Studio album by VNV Nation
- Released: 2 June 1998 20 May 1999 (US)
- Genre: Futurepop EBM
- Length: 60:52
- Label: Wax Trax!/TVT

VNV Nation chronology
| Advance and Follow (1995) | Praise the Fallen (1998) | Empires (1999) |

Singles from Praise the Fallen
- "Solitary" Released: 14 September 1998; "Honour 2003" Released: 10 June 2003;

= Praise the Fallen =

Praise the Fallen (also known as PTF2012) is the second studio album by the alternative electronic band VNV Nation, released in 1998. It is a departure from their debut album’s sound, featuring better production values, being more melodic, and containing a heavier electronic pace. "Solitary" was released as an EP, and "Honour" was re-recorded in 2003 and released as a single.

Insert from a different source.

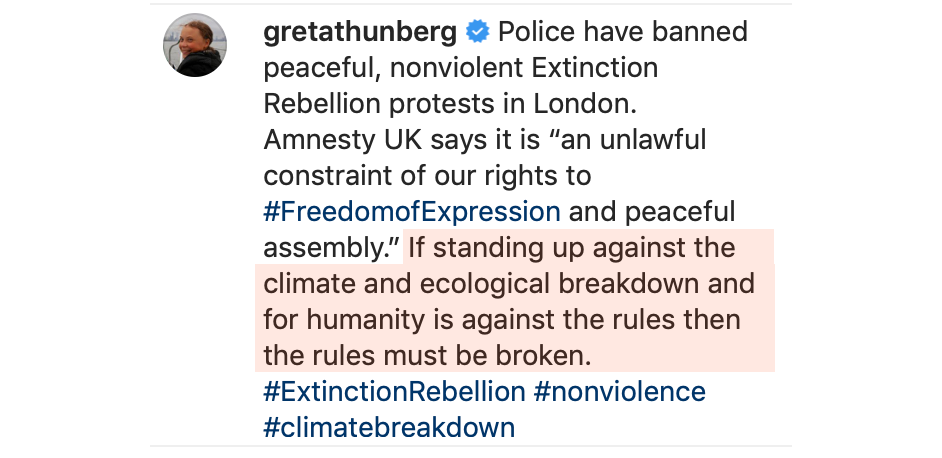 Greta Thunberg Urges Extinction Rebellion to Break the Law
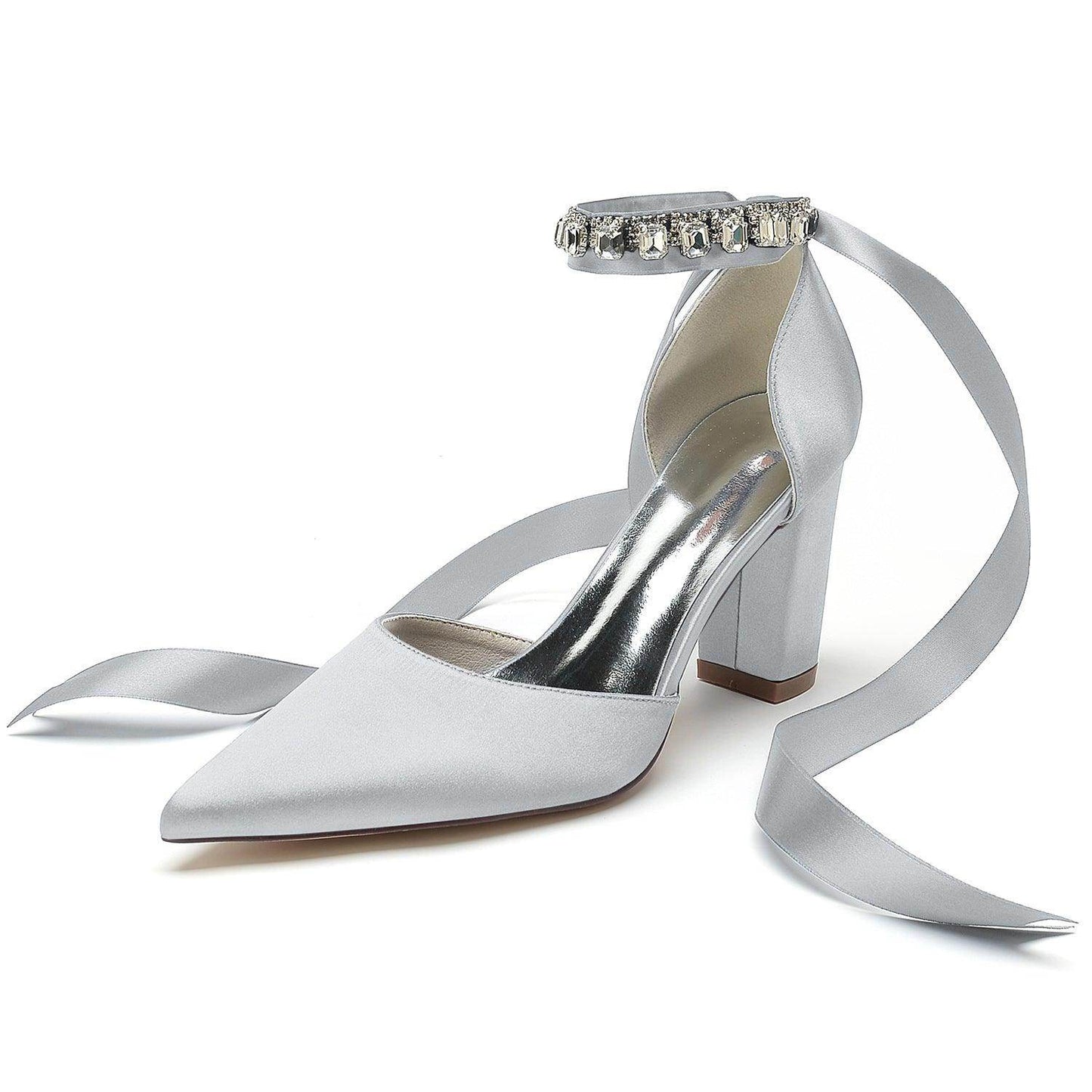 Chunky Heel 8.5cm Silk-Like Shoes CK0399 - COCOMELODY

The album peaked at #94 on the CMJ Radio 200 and #29 on the CMJ RPM Charts in the U.S.

Professional ratings
Review scores
| Source | Rating |
| Allmusic |  |
| Almost Cool |  |

==Track listing==

| No. | Title | Length |
|---|---|---|
| 1. | "Chosen" | 4:21 |
| 2. | "Joy" | 5:52 |
| 3. | "Procession" | 5:23 |
| 4. | "Voice" | 6:12 |
| 5. | "Forsaken" | 4:49 |
| 6. | "Ascension" | 8:15 |
| 7. | "Honour" | 6:41 |
| 8. | "Burnout" | 3:32 |
| 9. | "Solitary" | 7:29 |
| 10. | "PTF2012" | 3:06 |
| 11. | "Schweigeminute" | 1:00 |
| 12. | "Untitled" (bonus track) | 4:12 |
| Total length: |  | 60:52 |

==Notes==
- “PTF2012” was originally thought to be a reference to the Mayan Calendar doomsday, 21 December 2012. Although in the booklet for Reformation 1 Ronan Harris states that the date was chosen at random.
- “Schweigeminute” is just one minute of silence.
- On “Forsaken”, The first line; "For thirty years, I have plotted to bring down the party. I am sick in mind and body" is a direct reference from the movie adaption of George Orwell's 1984. The last line in the song “If you’re frightened of dying, and you’re holding on — you’ll see devils tearing your life away. If you made your peace — then the devils are really angels, freeing you from the Earth” is from the movie Jacob’s Ladder and is spoken by Danny Aiello.
- Ronan Harris often refers to Praise the Fallen as a way of self-help through a difficult time of his life — in particular the track “Forsaken”, of which a vocal version was recorded for Solitary EP. This version, when sung live, is an emotional experience for Ronan, and he has been known to break down in tears.